Несмотря на всю силу тона усталости и уверенности, с которою произнесены были эти слова, Пьер, так долго думавший о своей карьере, хотел было возражать. Но князь Василий перебил его тем воркующим, басистым тоном, который исключал возможность перебить его речь и который употреблялся им в случае необходимости крайнего убеждения.
— Mais, mon cher,[318] я это сделал для себя, для своей совести, и меня благодарить нечего. Никогда никто не жаловался, что его слишком любили; а потом, ты свободен, хоть завтра брось. Вот ты всё сам в Петербурге увидишь. И тебе давно пора удалиться от этих ужасных воспоминаний. — Князь Василий вздохнул. — Так-тáк, моя душа. А мой камердинер пускай в твоей коляске едет. Ах, да, я было и забыл, — прибавил еще князь Василий, — ты знаешь, mon cher,[319] у нас были счеты с покойным, так с рязанского я получил и оставлю: тебе не нужно. Мы с тобой сочтемся.
То, чтó князь Василий называл «с рязанского», было несколько тысяч оброка, которые князь Василий оставил у себя.
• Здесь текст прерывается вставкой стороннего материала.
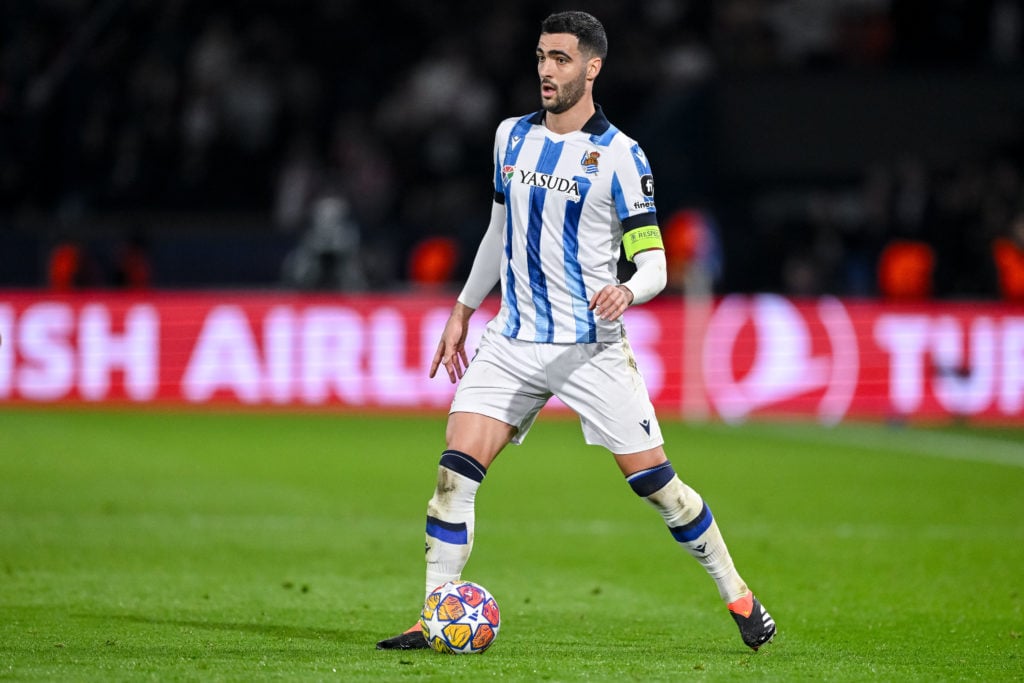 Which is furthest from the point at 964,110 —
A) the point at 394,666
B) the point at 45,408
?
the point at 394,666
В Петербурге, так же как и в Москве, атмосфера нежных, любящих людей окружила Пьера. Он не мог отказаться от места или, скорее, звания (потому что он ничего не делал), которое доставил ему князь Василий, а знакомств, зовов и общественных занятий было столько, что Пьер еще больше, чем в Москве, испытывал чувство отуманенности, торопливости и всё наступающего, но не совершающегося какого-то блага.
Из прежнего его холостого общества многих не было в Петербурге. Гвардия ушла в поход, Долохов был разжалован, Анатоль находился в армии, в провинции, князь Андрей был за границей, и потому Пьеру не удавалось ни проводить ночей, как он прежде любил проводить их, ни отводить изредка душу в дружеской беседе с старшим уважаемым другом. Всё время его проходило на обедах, балах и преимущественно у князя Василия — в обществе толстой княгини, его жены, и красавицы Элен.
Анна Павловна Шерер, так же как и другие, выказала Пьеру перемену, происшедшую в общественном взгляде на него.
Прежде Пьер в присутствии Анны Павловны постоянно чувствовал, что то, чтó он говорит, неприлично, бестактно, не то, чтó нужно; что речи его, кажущиеся ему умными, пока он готовит их в своем воображении, делаются глупыми, как скоро он их громко выговорит, и что, напротив, самые тупые речи Ипполита выходят умными и милыми. Теперь всё, чтó ни говорил он, всё выходило charmant.[320] Ежели даже Анна Павловна не говорила этого, то он видел, что ей хотелось это сказать, и она только, в уважение его скромности, воздерживалась от этого.
В начале зимы с 1805 на 1806 год Пьер получил от Анны Павловны обычную розовую записку с приглашением, в котором было прибавлено: «Vous trouverez chez moi la belle Hélène, qu’on ne se lasse jamais voir».[321]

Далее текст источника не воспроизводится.